Pieter Willem Botha was born in
Bethlehem in the Orange Free State, where his father, a "bitter-ender"
who had fought the British to the last gasp of the Boer war, was a horse
farmer. His mother was interned in one of Lord Kitchener's
concentration camps and the young PW, as he was usually known, inherited
the sour, bullying, anglophobic obduracy that became his trademark from
his parents.
He joined the pro-Nazi "Ossewabrandwag" movement in
1939, but, never over-burdened with moral courage, found it too risky
and left after two years, avoiding internment. A politician all his
adult life, Botha was already active in the Afrikaner National Party
(NP). He became MP for the Cape Province constituency of George when the
NP won power in the white electoral landslide of 1948. It sustained
Afrikaner political domination until ousted by Nelson Mandela's African
National Congress (ANC) in 1994.
The qualities he showed in
support of his ambition included ruthlessness, organisational
efficiency, discipline and a liking for hard work (he was still doing a
12-hour day in his 70s). This won the attention of the messiah of
apartheid, Dr Hendrik Verwoerd, who made him a deputy minister in 1958.

His
first full departmental post was as minister for community development
and coloured affairs from 1961. As such, he was paternalistically
responsible for the coloured racial group, in apartheid terms those of
ethnically mixed origin, concentrated mainly in Cape Province. As an
adoptive Cape politician, Botha always prided himself on his special
feeling for the coloureds. This did not prevent him from ordering the
demolition, as a blight on the city, of Cape Town's coloured quarter,
District Six.
As District Six fell, so did Verwoerd, assassinated
by an alleged madman in 1966 and succeeded by "iron man" John Vorster,
who promoted Botha to minister of defence. This cherished promotion
precipitated a lifelong love of the military, including acts of war and
covert operations at home and abroad.
Botha brought South Africa
close to self-sufficiency in weaponry, circumventing the UN arms embargo
where import substitution failed. The state-owned arms corporation
produced cannon that were regarded as the best of their kind.
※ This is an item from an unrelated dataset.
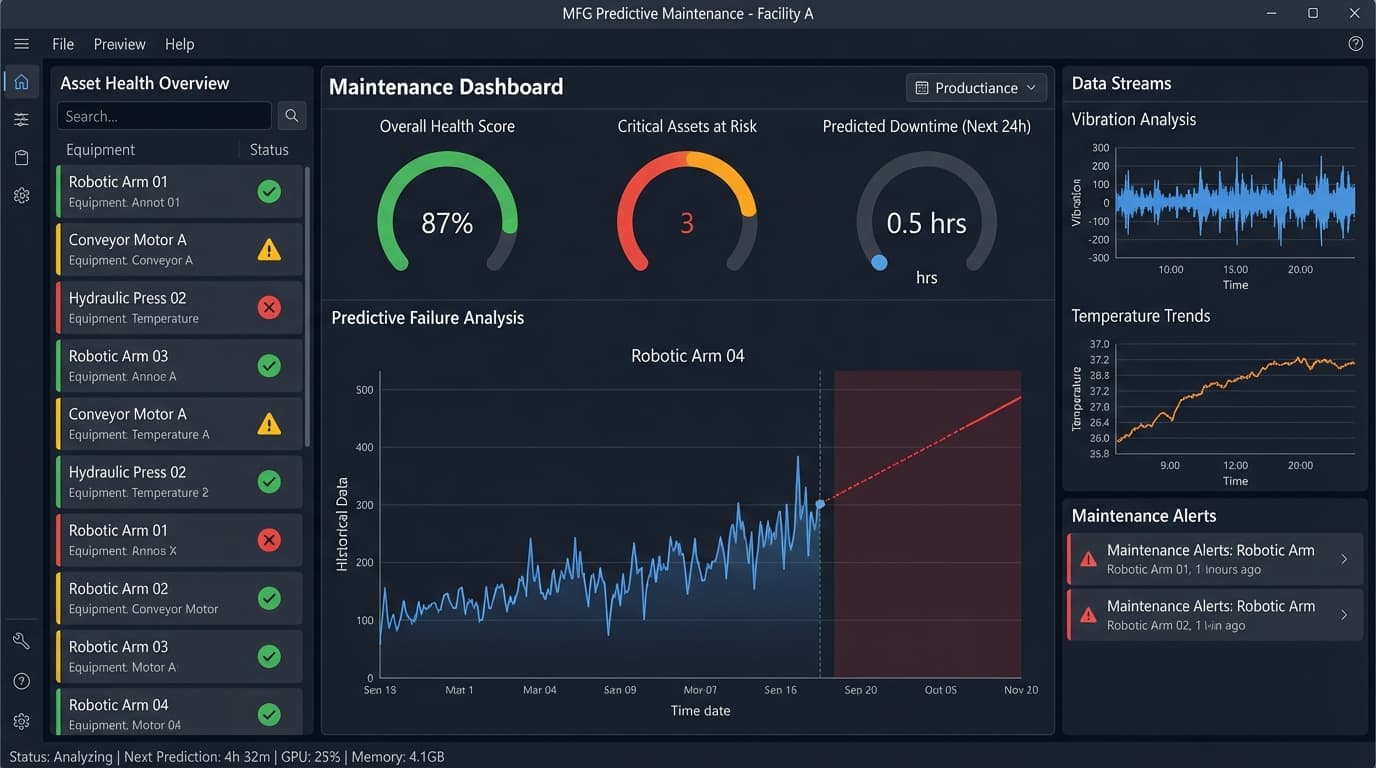 Predictive Maintenance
Major
warships, the latest aircraft and helicopters were beyond reach, but
three small submarines were acquired from France, while Israel proved a
surprisingly willing partner in such joint enterprises as missiles - and
nuclear technology. When the US secretly backed the increasingly
blatant South African interventions in the Angolan civil war against the
FPLA government backed by Cuban troops, Botha was able to acquire
munitions and spares in cornucopian quantities.

When Vorster was
kicked upstairs as non-executive state president in 1978 in the wake of
the "Muldergate" corruption scandal, the NP felt the same need for a
strong man as it had when Verwoerd died. Who better to face the "total
onslaught" by communists and blacks than the man who had built up the
strongest military power in Africa - even if his power-base was the Cape
NP rather than Verwoerd's Transvaal?
Botha soon stunned everyone
by pronouncing apartheid dead. "Adapt or die" became his watchword as he
foreshadowed "reform" without precedent. The world fondly imagined he
would abolish discrimination as he became the first South African leader
to visit Soweto, Johannesburg's south-western township, and travelled
abroad more than any of his NP predecessors. However, the furthest he
was prepared to go was to shift the great divide in South African
politics from between white and non-white to between non-black and
black.
But progress could not be stemmed altogether. One of the
most important changes under Botha's leadership was the legalisation of
black trade unions in 1979, giving African industrial labour a real
voice. "Petty" apartheid (anything but petty to its victims) was
radically cut back: the fatuous laws banning marriage and sex between
different races were repealed, the notorious pass laws, the British
legacy that controlled the movements of Africans, and the ban on black
freehold ownership were also scrapped.